* _What to do_
Line by line, reproduce the records exactly.

*** Opening of Working data ***

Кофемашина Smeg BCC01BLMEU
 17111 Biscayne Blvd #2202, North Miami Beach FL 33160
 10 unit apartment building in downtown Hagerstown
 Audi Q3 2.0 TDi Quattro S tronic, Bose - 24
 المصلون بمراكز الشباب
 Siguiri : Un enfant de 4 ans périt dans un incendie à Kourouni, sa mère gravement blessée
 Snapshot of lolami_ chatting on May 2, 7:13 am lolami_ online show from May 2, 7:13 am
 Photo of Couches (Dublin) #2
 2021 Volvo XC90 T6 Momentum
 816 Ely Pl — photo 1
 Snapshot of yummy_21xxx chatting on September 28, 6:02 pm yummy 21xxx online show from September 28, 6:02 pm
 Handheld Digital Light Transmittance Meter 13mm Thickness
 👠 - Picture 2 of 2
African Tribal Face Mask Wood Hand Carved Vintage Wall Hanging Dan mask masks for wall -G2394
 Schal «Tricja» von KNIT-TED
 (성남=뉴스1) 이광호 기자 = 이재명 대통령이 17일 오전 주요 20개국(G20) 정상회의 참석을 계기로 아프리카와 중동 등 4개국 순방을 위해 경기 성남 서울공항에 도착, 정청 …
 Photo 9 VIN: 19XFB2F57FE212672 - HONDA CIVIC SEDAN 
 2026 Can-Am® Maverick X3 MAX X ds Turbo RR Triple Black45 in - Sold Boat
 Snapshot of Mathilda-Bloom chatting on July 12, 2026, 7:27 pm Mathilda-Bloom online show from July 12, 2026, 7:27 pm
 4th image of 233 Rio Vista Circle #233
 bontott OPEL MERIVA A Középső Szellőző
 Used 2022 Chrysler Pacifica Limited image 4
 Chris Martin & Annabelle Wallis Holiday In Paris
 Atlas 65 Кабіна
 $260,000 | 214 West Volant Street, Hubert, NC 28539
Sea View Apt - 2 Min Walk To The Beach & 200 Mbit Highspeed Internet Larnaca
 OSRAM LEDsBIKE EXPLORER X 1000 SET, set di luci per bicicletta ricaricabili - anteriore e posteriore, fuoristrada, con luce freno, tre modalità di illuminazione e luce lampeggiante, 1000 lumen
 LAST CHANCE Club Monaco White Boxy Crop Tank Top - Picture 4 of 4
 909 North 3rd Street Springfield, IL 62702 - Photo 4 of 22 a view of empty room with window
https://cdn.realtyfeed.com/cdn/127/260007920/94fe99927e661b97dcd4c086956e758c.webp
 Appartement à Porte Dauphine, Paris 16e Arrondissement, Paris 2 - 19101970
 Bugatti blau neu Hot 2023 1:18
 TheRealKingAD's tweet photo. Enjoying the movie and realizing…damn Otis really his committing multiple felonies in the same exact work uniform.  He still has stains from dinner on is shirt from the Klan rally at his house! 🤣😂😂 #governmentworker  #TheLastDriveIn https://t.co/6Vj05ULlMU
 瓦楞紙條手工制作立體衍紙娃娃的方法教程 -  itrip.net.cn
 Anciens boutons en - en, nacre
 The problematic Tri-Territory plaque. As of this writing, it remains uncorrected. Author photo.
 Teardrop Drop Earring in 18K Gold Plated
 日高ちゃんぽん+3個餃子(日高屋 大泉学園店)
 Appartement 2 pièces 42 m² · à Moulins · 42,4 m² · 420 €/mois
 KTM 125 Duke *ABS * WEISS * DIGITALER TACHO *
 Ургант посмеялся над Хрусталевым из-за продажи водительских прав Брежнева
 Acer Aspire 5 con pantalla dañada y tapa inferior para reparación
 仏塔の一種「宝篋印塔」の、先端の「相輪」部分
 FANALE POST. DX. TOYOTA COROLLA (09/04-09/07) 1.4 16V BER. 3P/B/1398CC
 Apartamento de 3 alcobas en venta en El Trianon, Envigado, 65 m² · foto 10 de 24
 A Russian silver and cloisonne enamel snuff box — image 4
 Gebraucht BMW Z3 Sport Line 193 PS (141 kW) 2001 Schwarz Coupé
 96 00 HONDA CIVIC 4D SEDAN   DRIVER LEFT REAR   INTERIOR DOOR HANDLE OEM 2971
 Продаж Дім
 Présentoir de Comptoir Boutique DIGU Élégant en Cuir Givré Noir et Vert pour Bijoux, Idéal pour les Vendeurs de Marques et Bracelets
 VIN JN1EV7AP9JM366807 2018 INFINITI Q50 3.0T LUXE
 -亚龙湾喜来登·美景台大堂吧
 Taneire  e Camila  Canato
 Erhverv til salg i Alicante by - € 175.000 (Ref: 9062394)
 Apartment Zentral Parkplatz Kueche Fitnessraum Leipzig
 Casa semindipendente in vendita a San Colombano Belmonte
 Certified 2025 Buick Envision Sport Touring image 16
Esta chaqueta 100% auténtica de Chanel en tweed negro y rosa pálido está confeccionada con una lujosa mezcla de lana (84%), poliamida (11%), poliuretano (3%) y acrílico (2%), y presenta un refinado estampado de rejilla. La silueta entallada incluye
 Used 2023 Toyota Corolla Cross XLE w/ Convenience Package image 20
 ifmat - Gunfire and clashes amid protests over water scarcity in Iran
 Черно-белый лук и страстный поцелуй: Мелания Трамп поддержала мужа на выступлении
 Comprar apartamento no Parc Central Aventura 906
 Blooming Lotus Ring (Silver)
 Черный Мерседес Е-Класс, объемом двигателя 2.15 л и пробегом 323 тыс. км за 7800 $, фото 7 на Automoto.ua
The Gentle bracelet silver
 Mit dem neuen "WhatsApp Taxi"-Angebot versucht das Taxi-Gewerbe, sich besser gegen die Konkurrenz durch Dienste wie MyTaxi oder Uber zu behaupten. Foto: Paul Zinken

*** Close of Working data ***

* _Final answer_
Кофемашина Smeg BCC01BLMEU
 17111 Biscayne Blvd #2202, North Miami Beach FL 33160
 10 unit apartment building in downtown Hagerstown
 Audi Q3 2.0 TDi Quattro S tronic, Bose - 24
 المصلون بمراكز الشباب
 Siguiri : Un enfant de 4 ans périt dans un incendie à Kourouni, sa mère gravement blessée
 Snapshot of lolami_ chatting on May 2, 7:13 am lolami_ online show from May 2, 7:13 am
 Photo of Couches (Dublin) #2
 2021 Volvo XC90 T6 Momentum
 816 Ely Pl — photo 1
 Snapshot of yummy_21xxx chatting on September 28, 6:02 pm yummy 21xxx online show from September 28, 6:02 pm
 Handheld Digital Light Transmittance Meter 13mm Thickness
 👠 - Picture 2 of 2
African Tribal Face Mask Wood Hand Carved Vintage Wall Hanging Dan mask masks for wall -G2394
 Schal «Tricja» von KNIT-TED
 (성남=뉴스1) 이광호 기자 = 이재명 대통령이 17일 오전 주요 20개국(G20) 정상회의 참석을 계기로 아프리카와 중동 등 4개국 순방을 위해 경기 성남 서울공항에 도착, 정청 …
 Photo 9 VIN: 19XFB2F57FE212672 - HONDA CIVIC SEDAN 
 2026 Can-Am® Maverick X3 MAX X ds Turbo RR Triple Black45 in - Sold Boat
 Snapshot of Mathilda-Bloom chatting on July 12, 2026, 7:27 pm Mathilda-Bloom online show from July 12, 2026, 7:27 pm
 4th image of 233 Rio Vista Circle #233
 bontott OPEL MERIVA A Középső Szellőző
 Used 2022 Chrysler Pacifica Limited image 4
 Chris Martin & Annabelle Wallis Holiday In Paris
 Atlas 65 Кабіна
 $260,000 | 214 West Volant Street, Hubert, NC 28539
Sea View Apt - 2 Min Walk To The Beach & 200 Mbit Highspeed Internet Larnaca
 OSRAM LEDsBIKE EXPLORER X 1000 SET, set di luci per bicicletta ricaricabili - anteriore e posteriore, fuoristrada, con luce freno, tre modalità di illuminazione e luce lampeggiante, 1000 lumen
 LAST CHANCE Club Monaco White Boxy Crop Tank Top - Picture 4 of 4
 909 North 3rd Street Springfield, IL 62702 - Photo 4 of 22 a view of empty room with window
https://cdn.realtyfeed.com/cdn/127/260007920/94fe99927e661b97dcd4c086956e758c.webp
 Appartement à Porte Dauphine, Paris 16e Arrondissement, Paris 2 - 19101970
 Bugatti blau neu Hot 2023 1:18
 TheRealKingAD's tweet photo. Enjoying the movie and realizing…damn Otis really his committing multiple felonies in the same exact work uniform.  He still has stains from dinner on is shirt from the Klan rally at his house! 🤣😂😂 #governmentworker  #TheLastDriveIn https://t.co/6Vj05ULlMU
 瓦楞紙條手工制作立體衍紙娃娃的方法教程 -  itrip.net.cn
 Anciens boutons en - en, nacre
 The problematic Tri-Territory plaque. As of this writing, it remains uncorrected. Author photo.
 Teardrop Drop Earring in 18K Gold Plated
 日高ちゃんぽん+3個餃子(日高屋 大泉学園店)
 Appartement 2 pièces 42 m² · à Moulins · 42,4 m² · 420 €/mois
 KTM 125 Duke *ABS * WEISS * DIGITALER TACHO *
 Ургант посмеялся над Хрусталевым из-за продажи водительских прав Брежнева
 Acer Aspire 5 con pantalla dañada y tapa inferior para reparación
 仏塔の一種「宝篋印塔」の、先端の「相輪」部分
 FANALE POST. DX. TOYOTA COROLLA (09/04-09/07) 1.4 16V BER. 3P/B/1398CC
 Apartamento de 3 alcobas en venta en El Trianon, Envigado, 65 m² · foto 10 de 24
 A Russian silver and cloisonne enamel snuff box — image 4
 Gebraucht BMW Z3 Sport Line 193 PS (141 kW) 2001 Schwarz Coupé
 96 00 HONDA CIVIC 4D SEDAN   DRIVER LEFT REAR   INTERIOR DOOR HANDLE OEM 2971
 Продаж Дім
 Présentoir de Comptoir Boutique DIGU Élégant en Cuir Givré Noir et Vert pour Bijoux, Idéal pour les Vendeurs de Marques et Bracelets
 VIN JN1EV7AP9JM366807 2018 INFINITI Q50 3.0T LUXE
 -亚龙湾喜来登·美景台大堂吧
 Taneire  e Camila  Canato
 Erhverv til salg i Alicante by - € 175.000 (Ref: 9062394)
 Apartment Zentral Parkplatz Kueche Fitnessraum Leipzig
 Casa semindipendente in vendita a San Colombano Belmonte
 Certified 2025 Buick Envision Sport Touring image 16
Esta chaqueta 100% auténtica de Chanel en tweed negro y rosa pálido está confeccionada con una lujosa mezcla de lana (84%), poliamida (11%), poliuretano (3%) y acrílico (2%), y presenta un refinado estampado de rejilla. La silueta entallada incluye
 Used 2023 Toyota Corolla Cross XLE w/ Convenience Package image 20
 ifmat - Gunfire and clashes amid protests over water scarcity in Iran
 Черно-белый лук и страстный поцелуй: Мелания Трамп поддержала мужа на выступлении
 Comprar apartamento no Parc Central Aventura 906
 Blooming Lotus Ring (Silver)
 Черный Мерседес Е-Класс, объемом двигателя 2.15 л и пробегом 323 тыс. км за 7800 $, фото 7 на Automoto.ua
The Gentle bracelet silver
 Mit dem neuen "WhatsApp Taxi"-Angebot versucht das Taxi-Gewerbe, sich besser gegen die Konkurrenz durch Dienste wie MyTaxi oder Uber zu behaupten. Foto: Paul Zinken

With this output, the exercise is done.